*** INPUT ***
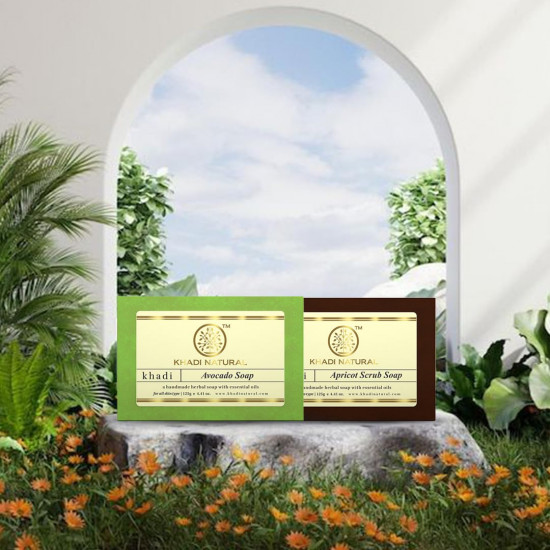 Khadi Natural Assorted Natural Soap Gift Set|Rejuvenates skin| Assortment of handmade soaps| Suitable for all skin types| Pack of 6 (125gm*6) (750 gm)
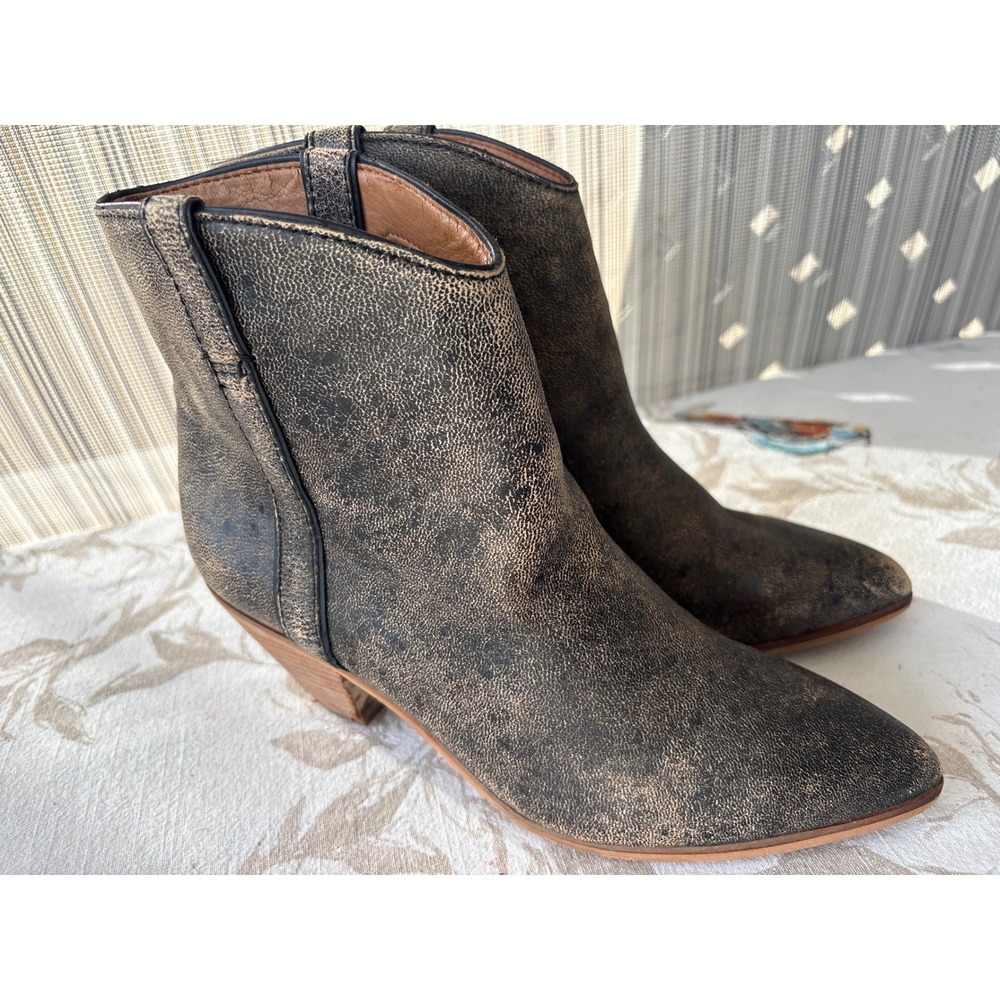 Frye and Co Jacy Western Ankle Boots Distressed Black Gold Metallic Pointed Toe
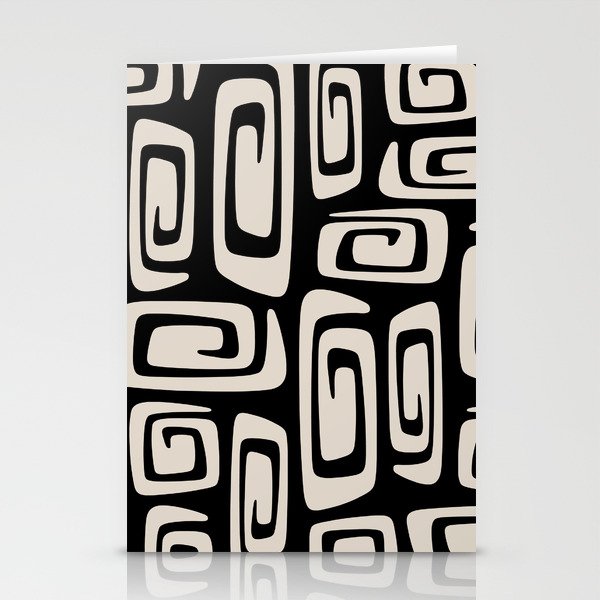Mid Century Modern Cosmic Abstract 527 Black and Linen White Stationery Card Gallery Image 1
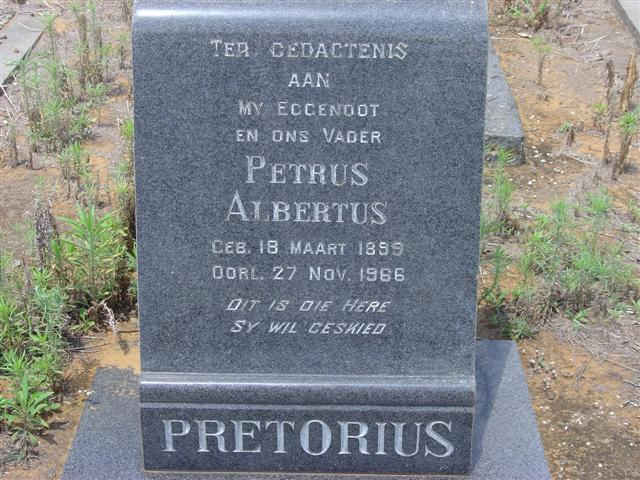 PRETORIUS Petrus Albertus 1899-1966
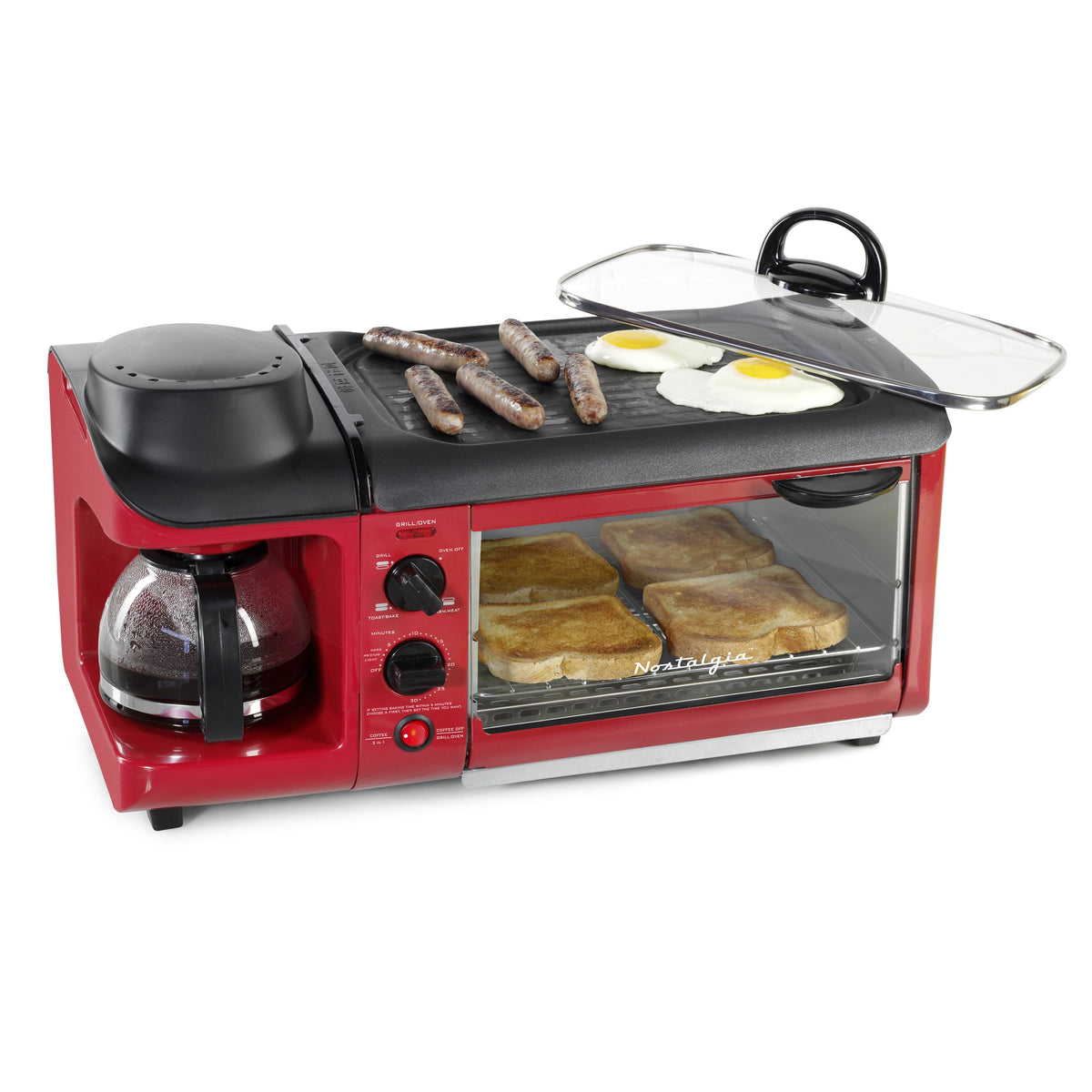 3 in 1 Breakfast Station, Retro Household Breakfast Maker, Electric Mini  Toaster Bread Breakfast Sandwich Maker, Breakfast Machine with Frying Pan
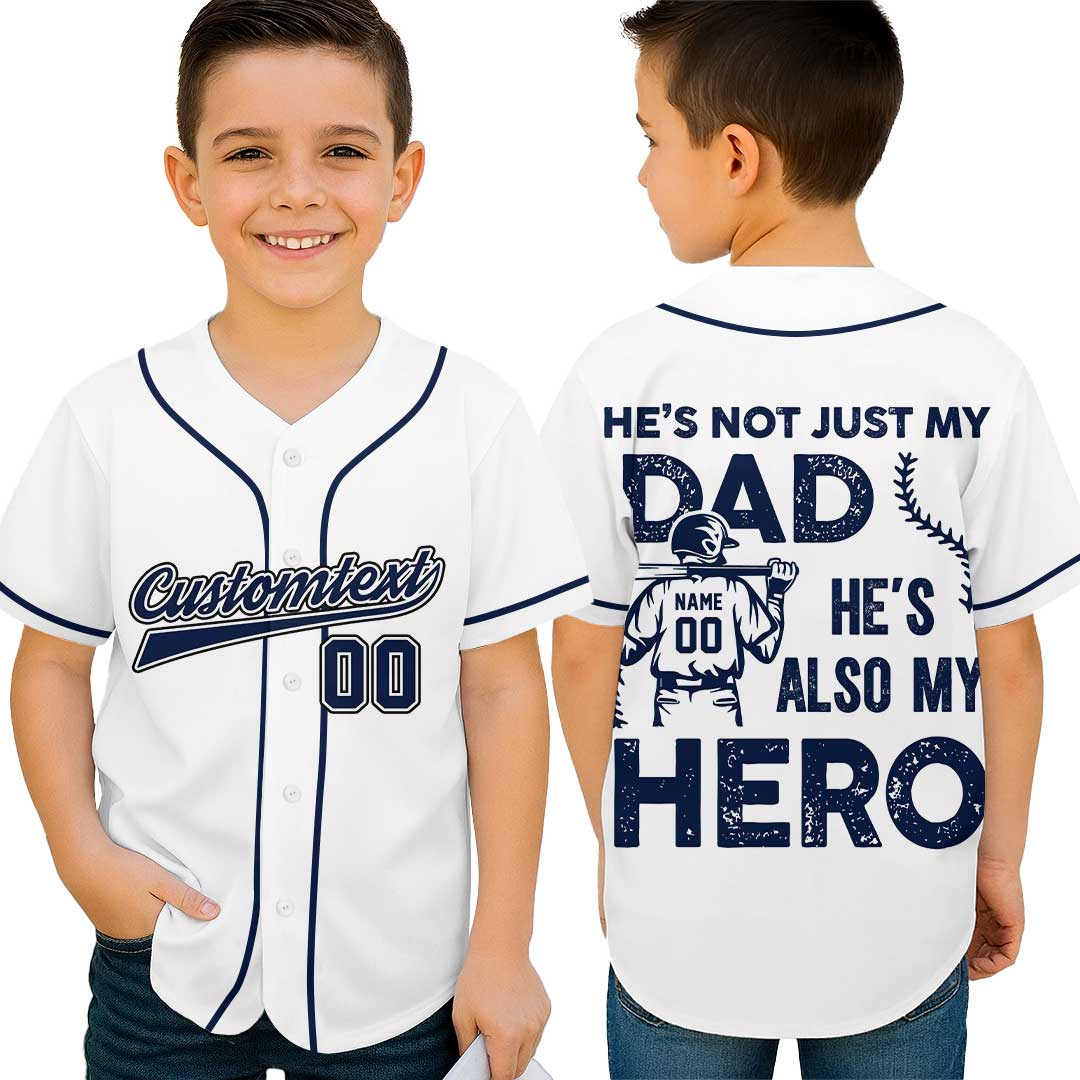 He's My Hero and He's My Favorite Player - Custom Family Matching Baseball Jersey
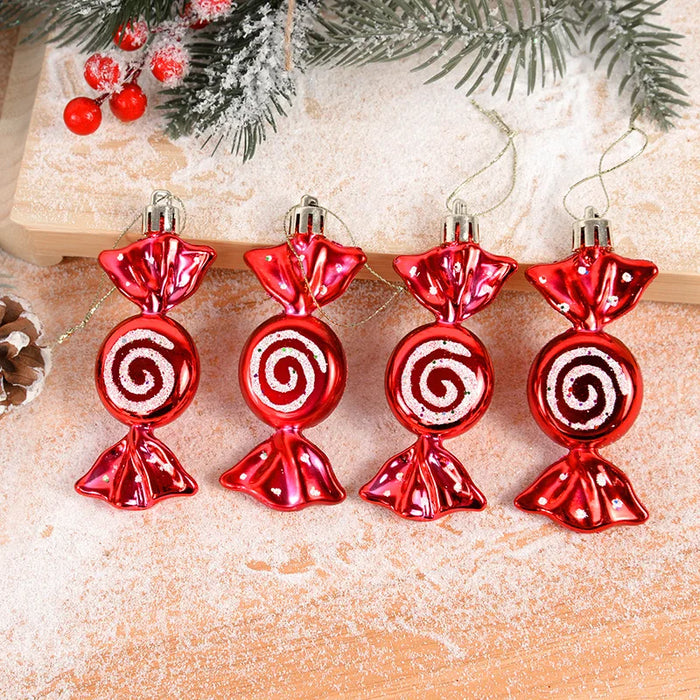 6pcs/box Christmas Candy Pendant Xmas Tree Hanging Ornaments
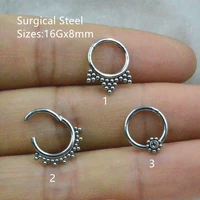 20pcs body jewelry piercing 316l surgical steel ball gems 16g ear helix daith cartilage tragus earring nose septum clicke ring
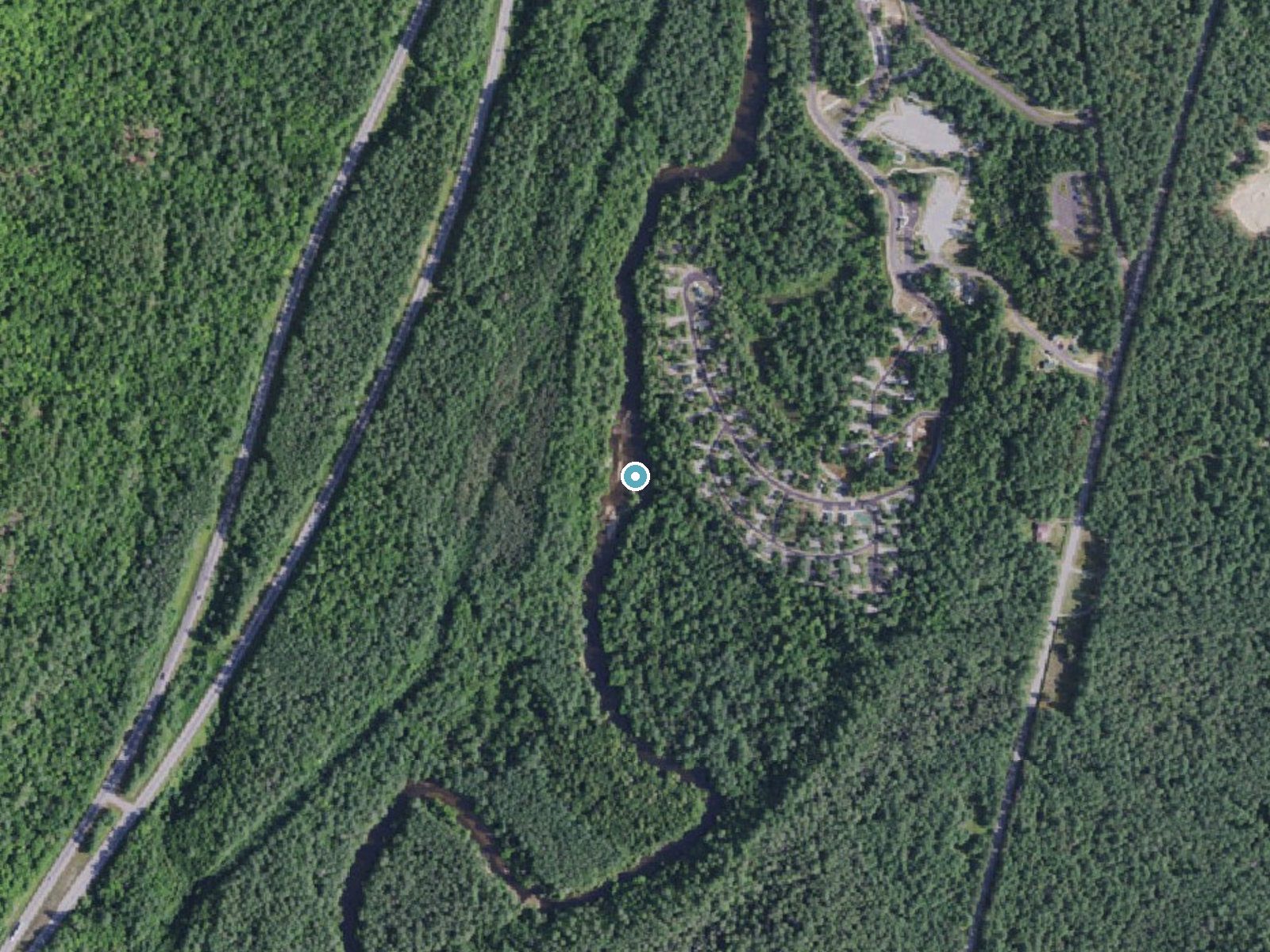 Aerial photo of the same ground around Linsey Falls near Schroon Lake, New York, for comparison with the lidar view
***
All lines from the one containing "6pcs/box Christmas Candy" to the last line of the records above, and no others, should be returned unchanged, without pictures.

**SOLUTION TO THIS PROBLEM**
 6pcs/box Christmas Candy Pendant Xmas Tree Hanging Ornaments
 20pcs body jewelry piercing 316l surgical steel ball gems 16g ear helix daith cartilage tragus earring nose septum clicke ring
 Aerial photo of the same ground around Linsey Falls near Schroon Lake, New York, for comparison with the lidar view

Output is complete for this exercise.